Mark ignored him. “Do I have to make an appointment?”

 

“Yes. Give the Order a call tomorrow and they’ll make sure to coordinate something with you.” I headed toward the stairs to examine Solomon’s quarters.

 

Behind me, Bob said, “Tomorrow the front page of the Atlanta Journal-Constitution will be screaming all about how Solomon Red voided his bowels and then his mercs had to chase the puddle of his blood and shit across the floor. Shouldn’t you get on that?”

 

“Mind your own business, and I’ll mind mine,” Mark said.

 

Solomon’s death created a power vacuum. Something had to fill it and they were already drawing the battle lines. They could draw all they wanted. You couldn’t pay me to get involved in it.

 

I walked up the stairs, past a desiccated Solomon. The Guild leader sagged on the spear shaft, reduced to a sack of dried-out skin over the skeletal frame. The man who’d built himself into a living legend had died with great indignity. The universe had a razor-sharp sense of humor.

 

The Biohazard team was filing out without Solomon. All of the disease had ended up in the puddle, which Biohazard took into custody. Solomon’s corpse was now a mere inert shell. Mark must’ve convinced them to let the Guild have the body for burial.

 

I climbed up to the third floor and entered the internal stair leading to Solomon’s quarters. A variety of weapons decorated the walls: bearded axes, slick Japanese blades, simple elegant European swords, modern tactical weapons . . . I came to an empty space between two bare iron hooks. Just large enough for a spear. My hope that the spear in Solomon’s neck belonged to the Steel Mary just went up in flames.

 

He could have anything he wanted, but he chose the spear. Why a spear?

 

The stairs led me to a hallway bordered by a balcony. Four floors below, in the main hallway, mercs mulled about, still shell-shocked. The front door of Solomon’s quarters hung ajar, its left side splintered. The Steel Mary must have shattered the wood around the lock with a single kick.

 

I stepped inside. Barren walls greeted me. No paintings broke up the malachite green paint. The plain, almost crude furniture supported no knickknacks. No photographs on the mantel over the small fireplace. No magazines on the coffee table. No books. The place resembled a hotel room awaiting a guest, instead of lived-in quarters.

 

I stepped through to the left into the bedroom. A simple bed, a simple desk with a flurry of papers. Chair overturned on the floor. Solomon must’ve been sitting here when the Steel Mary broke in.

 

A tape recorder lay on the desk.

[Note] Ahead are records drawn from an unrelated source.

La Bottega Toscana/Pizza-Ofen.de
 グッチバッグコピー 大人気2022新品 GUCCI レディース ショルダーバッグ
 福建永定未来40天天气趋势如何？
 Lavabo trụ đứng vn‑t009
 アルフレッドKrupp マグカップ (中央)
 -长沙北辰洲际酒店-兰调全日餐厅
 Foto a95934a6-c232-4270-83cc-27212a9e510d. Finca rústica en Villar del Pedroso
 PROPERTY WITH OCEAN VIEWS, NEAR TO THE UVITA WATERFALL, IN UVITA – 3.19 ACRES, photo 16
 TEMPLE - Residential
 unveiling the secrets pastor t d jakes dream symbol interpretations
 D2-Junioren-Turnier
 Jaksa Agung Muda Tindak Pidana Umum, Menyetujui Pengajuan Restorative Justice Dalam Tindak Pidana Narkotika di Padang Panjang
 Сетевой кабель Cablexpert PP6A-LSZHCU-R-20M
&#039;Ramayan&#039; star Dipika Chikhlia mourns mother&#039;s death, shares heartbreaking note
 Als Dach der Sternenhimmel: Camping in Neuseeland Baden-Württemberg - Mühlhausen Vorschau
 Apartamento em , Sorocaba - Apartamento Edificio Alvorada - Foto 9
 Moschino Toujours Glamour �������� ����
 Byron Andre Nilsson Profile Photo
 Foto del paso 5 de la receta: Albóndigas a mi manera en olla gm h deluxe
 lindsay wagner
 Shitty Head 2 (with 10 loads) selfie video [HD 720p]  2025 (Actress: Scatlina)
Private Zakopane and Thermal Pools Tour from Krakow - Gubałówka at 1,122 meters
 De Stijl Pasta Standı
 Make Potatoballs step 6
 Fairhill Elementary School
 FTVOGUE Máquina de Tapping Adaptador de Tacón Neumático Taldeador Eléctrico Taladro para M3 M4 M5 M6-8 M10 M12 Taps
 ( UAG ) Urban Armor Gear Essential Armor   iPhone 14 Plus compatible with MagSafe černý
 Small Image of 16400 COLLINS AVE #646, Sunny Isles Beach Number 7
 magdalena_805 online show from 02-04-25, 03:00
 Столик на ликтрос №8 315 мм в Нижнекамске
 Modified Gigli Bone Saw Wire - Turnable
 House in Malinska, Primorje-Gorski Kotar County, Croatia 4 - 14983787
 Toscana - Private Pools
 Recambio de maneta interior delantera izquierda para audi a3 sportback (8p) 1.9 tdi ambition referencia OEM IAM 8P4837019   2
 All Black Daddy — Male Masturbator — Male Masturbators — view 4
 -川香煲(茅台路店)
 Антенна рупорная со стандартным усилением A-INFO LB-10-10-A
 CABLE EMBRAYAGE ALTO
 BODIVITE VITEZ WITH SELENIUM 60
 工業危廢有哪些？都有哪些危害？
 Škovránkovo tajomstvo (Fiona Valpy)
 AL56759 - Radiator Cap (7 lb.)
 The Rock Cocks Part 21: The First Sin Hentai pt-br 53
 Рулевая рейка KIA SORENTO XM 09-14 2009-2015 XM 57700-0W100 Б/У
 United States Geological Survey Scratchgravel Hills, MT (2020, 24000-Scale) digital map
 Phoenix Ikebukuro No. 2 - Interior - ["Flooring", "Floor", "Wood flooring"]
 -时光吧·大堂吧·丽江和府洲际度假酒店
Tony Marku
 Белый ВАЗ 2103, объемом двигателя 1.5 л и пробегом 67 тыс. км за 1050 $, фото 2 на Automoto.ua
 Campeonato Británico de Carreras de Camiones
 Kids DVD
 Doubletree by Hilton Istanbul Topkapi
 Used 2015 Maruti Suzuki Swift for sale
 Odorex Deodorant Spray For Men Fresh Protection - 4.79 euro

I picked it up and pushed play.

 

“Seven lines down. Sign,” Mark’s voice said. “Count three pages. Page six. Count three lines from the bottom of the page. Sign.”

 

What in the world . . . I rewound for a few seconds.

 

“It’s just like the old contract,” Mark said. “You should still have the tape of it in the box from last year. It’s the one numbered thirty-four. The only thing we did was change the dates and two paragraphs involving the new city ordinances. The first is on page three. Count two paragraphs down. It now reads . . .”

 

Solomon Red couldn’t read. And Mark had covered for him all these years. None of the mercs knew.

 

“Kate?” Mark’s voice called.

 

What now?

 

I stepped out of the room and looked down. Mark stood on the floor below. Next to him waited two men. The first was muscular and dark. He didn’t really need help in the menacing department, but he chose to amplify his badass status by wearing a long, sweeping black cloak edged with wolf fur. Hello, Jim.

 

The man next to him wore Pack sweats. For shapeshifters, sweats meant working clothes—they were easy to rip off before a fight. The man stood with the easy animal grace particular to the very strong. Even from this distance, his pose telegraphed violence, tightly coiled and reigned in, but ready to explode at the slightest provocation. The mercs sensed it and gave him a wide berth, like scavengers recognizing a predator in their midst.

 

The man looked up, tilting his head of short blond hair. His face matched him—powerful and aggressive. A square jaw, prominent cheekbones, nose with a misshapen bridge that had been broken but never healed quite right. Gray eyes glanced from under thick golden eyebrows and locked on me.

 

Curran.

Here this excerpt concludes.